RMF - Hospital and Clinic Projects & Support

Hospital and Clinic Projects & Support

ESTABLISHING AND SUPPORTING PRIMARY HEALTH CLINICS

The hospitals and clinics we manage and support act as the main hubs for many of our projects worldwide. We generally start programs in a new area by setting up and/or supporting a primary health clinic with medicine and supplies and hiring of local medical and other staff. We always strive to create welcoming, hygienic, well stocked, well locally staffed health centers by using existing under-utilized buildings and infrastructure.
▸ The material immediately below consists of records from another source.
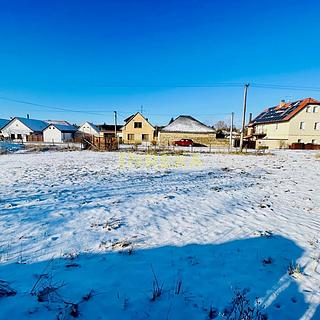 Prodej stavební parcely 905 m&sup2; Roudná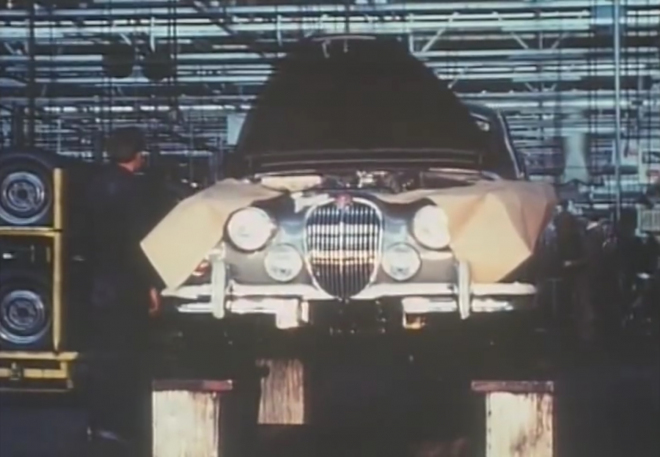 Takhle se vyráběly Jaguary v roce 1961. Bylo to zdlouhavé, ale kvalitní (video)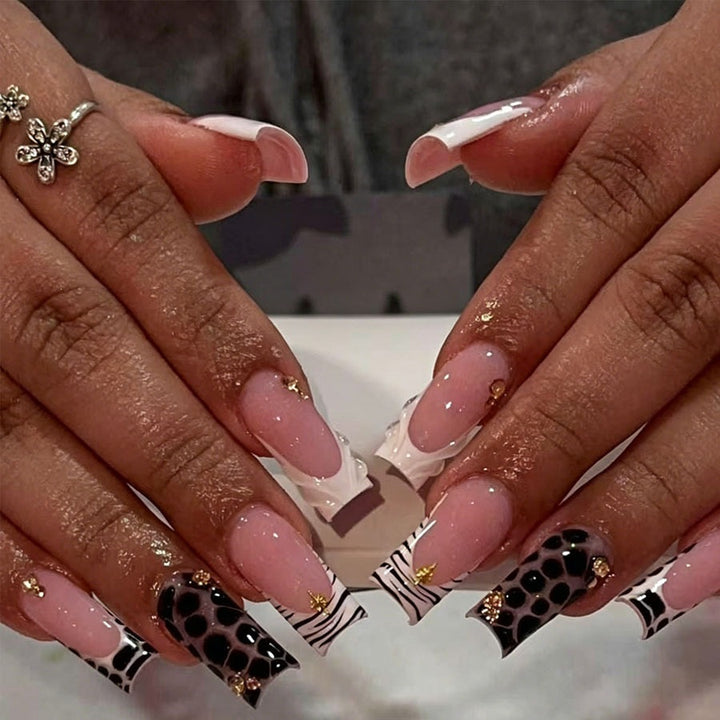 Kunstnagelset mit luxuriösen 3D-Details Karnz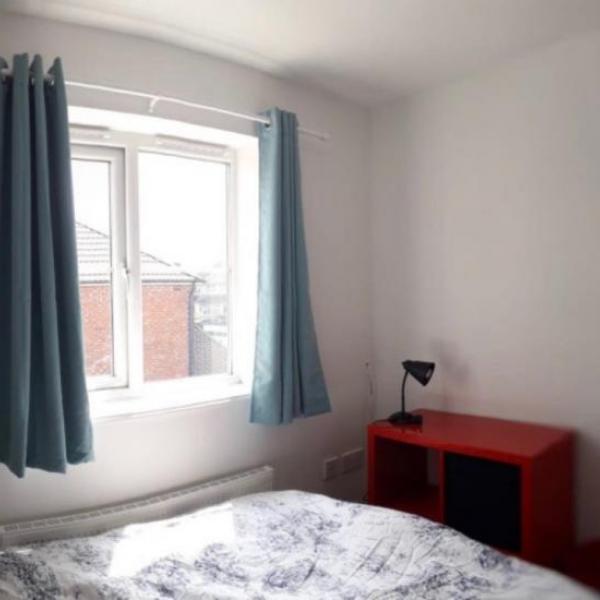 Find Rooms For Rent Across UK | Room For Let | Monday To Friday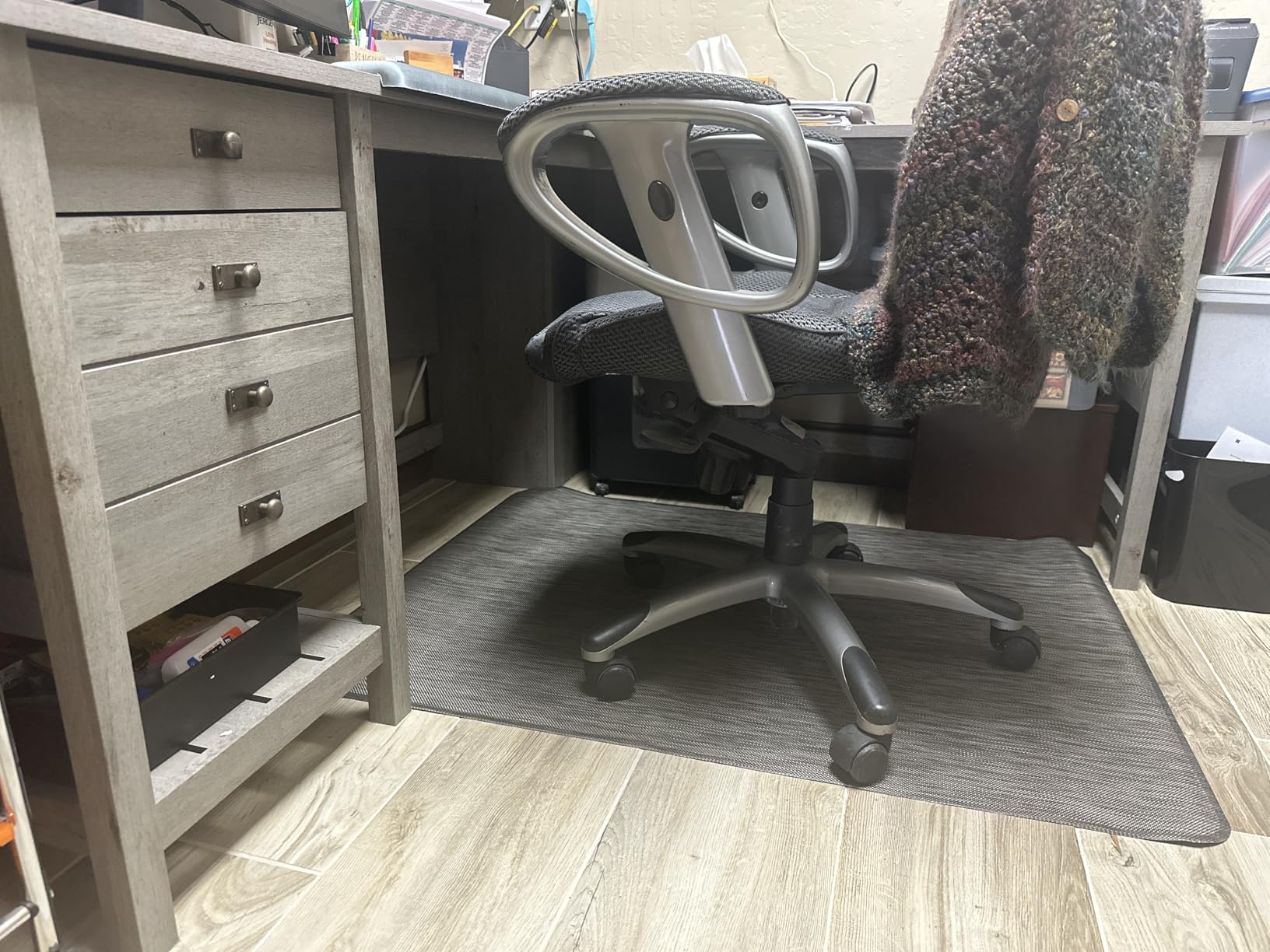 Blvornl Office Chair Mat for Hardwood Floors, Anti-Slip PVC, 36 x 48 Inch | Waterproof, easy to clean, suitable for hardwood, tile, laminate, Dark Grey, Rattan Woven Pattern, Durable Solid PVC Material customer photo 1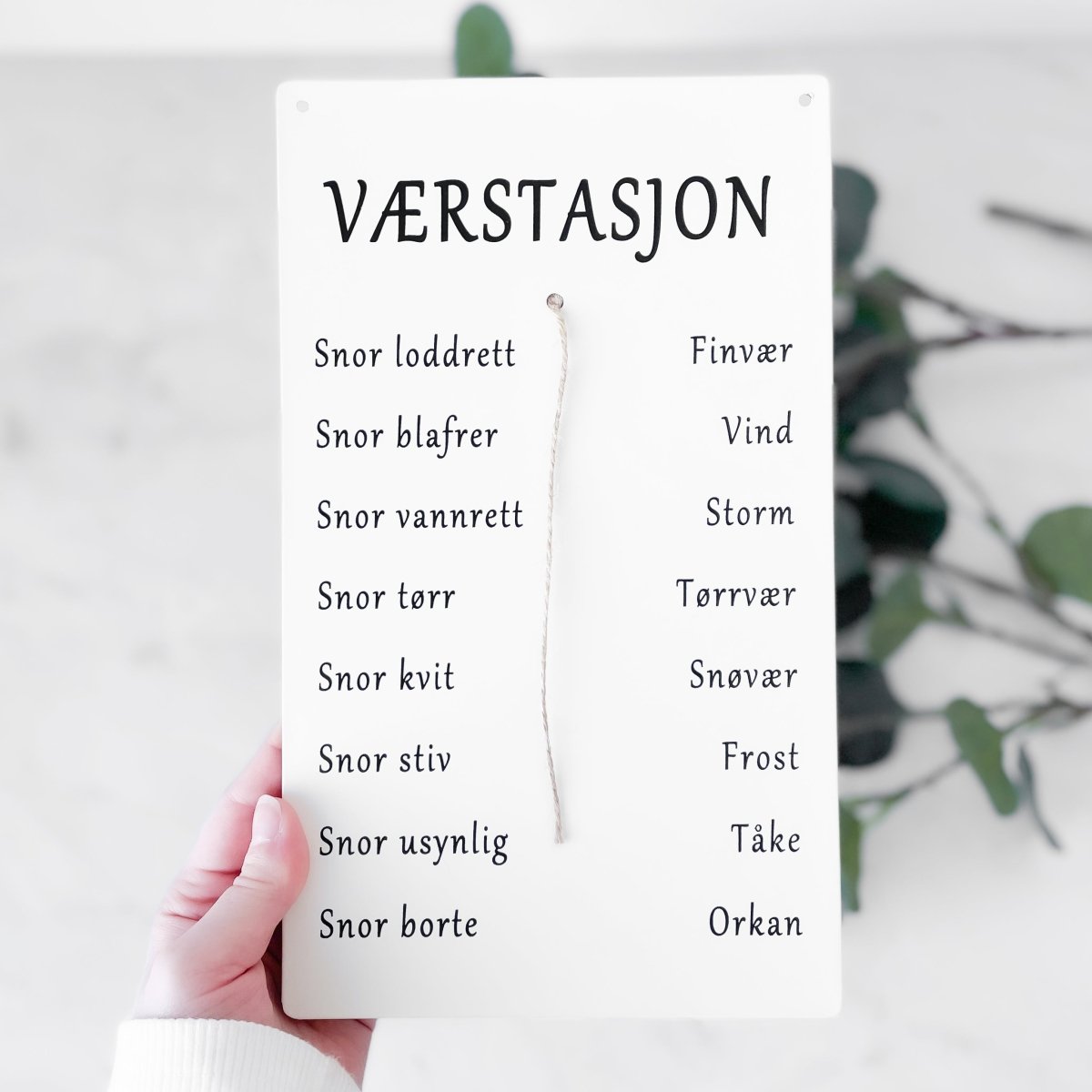 Skilt Værstasjon hvit 16 x 27 cm - Lindas Dekor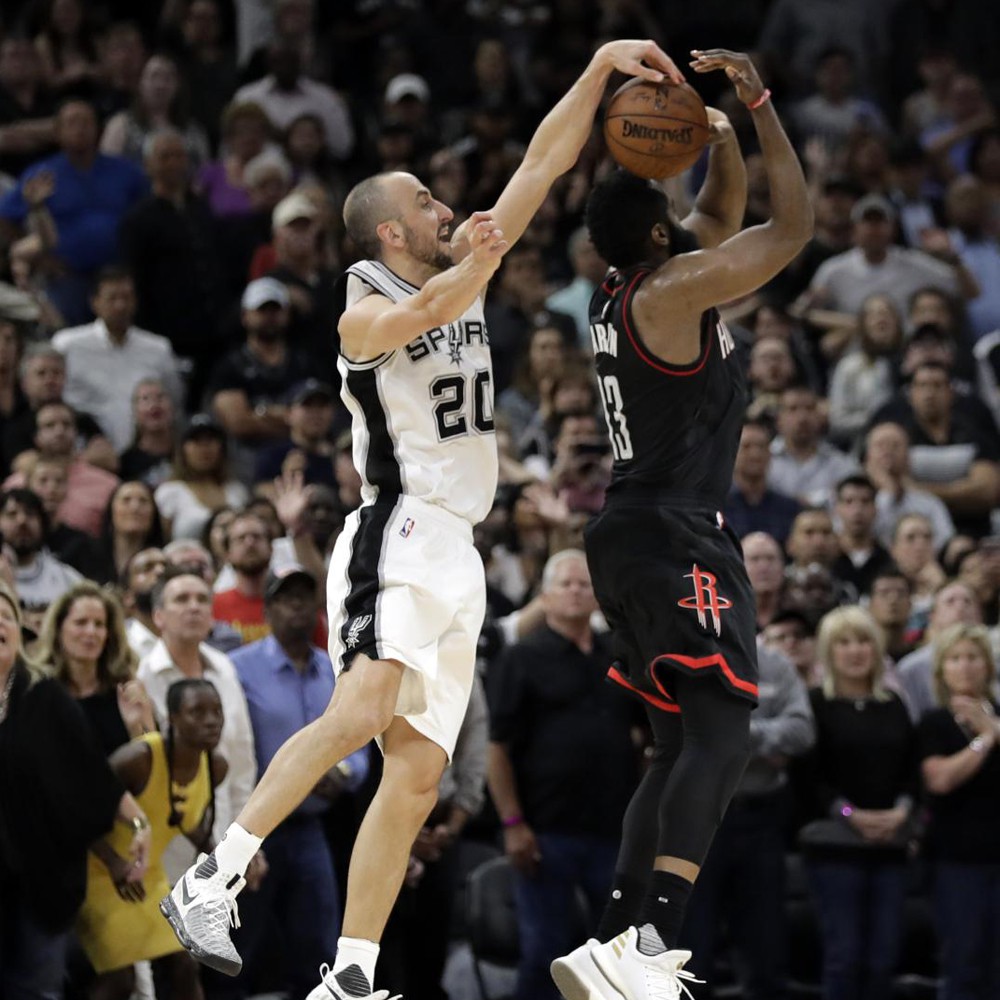 Pha block kết liễu James Harden và các đồng đội của Manu Ginobili.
Once we understand the main medical needs of the local population by close management of these clinics and hospitals, we bring in other health programs to supplement or expand, and look into other areas where the community needs support. Our health centers are located in rural areas, refugee settlements and in larger towns where local facilities are overwhelmed or non-existent. Many of our health centers have been running smoothly for several years and have become very successful hubs of community support.

Key

STATS

5,000,000 Peoples

DISPLACED IN PAKISTAN SINCE 2004

259,360 IDP families

REPATRIATED BY JUNE 2017

45,488 IDP families

TO BE REPATRIATED BY DECEMBER 2017

MEET TEAM PAKISTAN

REPORTS & PHOTOS

Summary

An estimated 5 million people in Pakistan have been displaced from their homes due to Taliban driven terrorism, military conflict, sectarian violence, and human rights abuse since 2004, and the situation has been further aggravated by natural disasters such as the 2005 earthquake and the 2010 floods. Real Medicine Foundation arrived in Pakistan in late 2005, and has since continued to provide humanitarian support to internally displaced persons (IDPs), underserved communities, and vulnerable groups.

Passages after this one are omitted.